» **TO DO**
Pictures aside, the data must be reproduced exactly.
[RECORDED DATA — start]
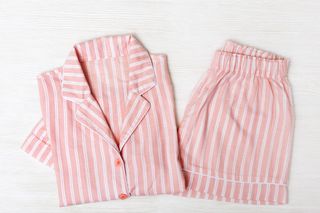 A pair of pink and white pinstriped pyjamas.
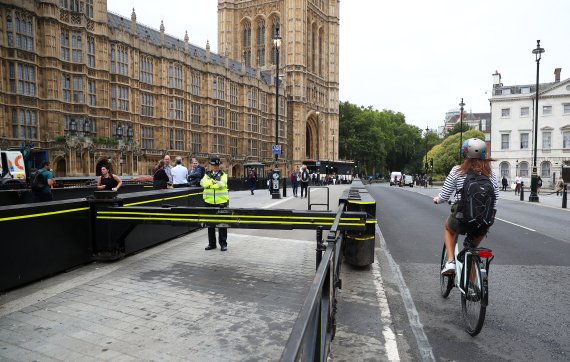 영국 런던의 의회 옆 도로에서 15일(현지시간) 한 시민이 자전거를 타고 경관 옆을 지나고 있다.로이터연합뉴스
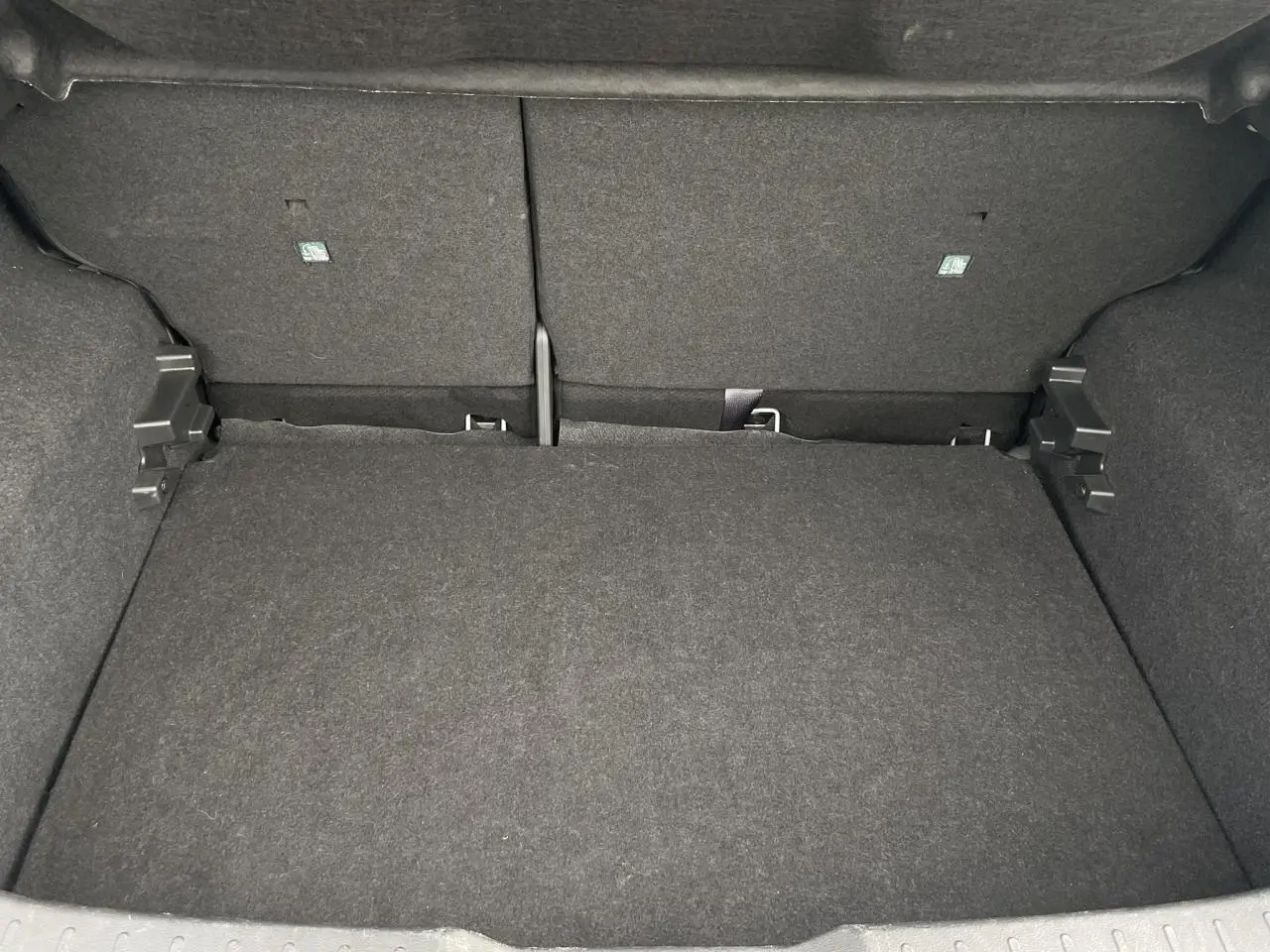 Coffre vide en vue plongeante du Nissan Juke 2024 gris Silver, montrant l'espace de chargement et le revêtement intérieur.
[RECORDED DATA — finish]
» **RESPONSE AREA**
 A pair of pink and white pinstriped pyjamas.
 영국 런던의 의회 옆 도로에서 15일(현지시간) 한 시민이 자전거를 타고 경관 옆을 지나고 있다.로이터연합뉴스
 Coffre vide en vue plongeante du Nissan Juke 2024 gris Silver, montrant l'espace de chargement et le revêtement intérieur.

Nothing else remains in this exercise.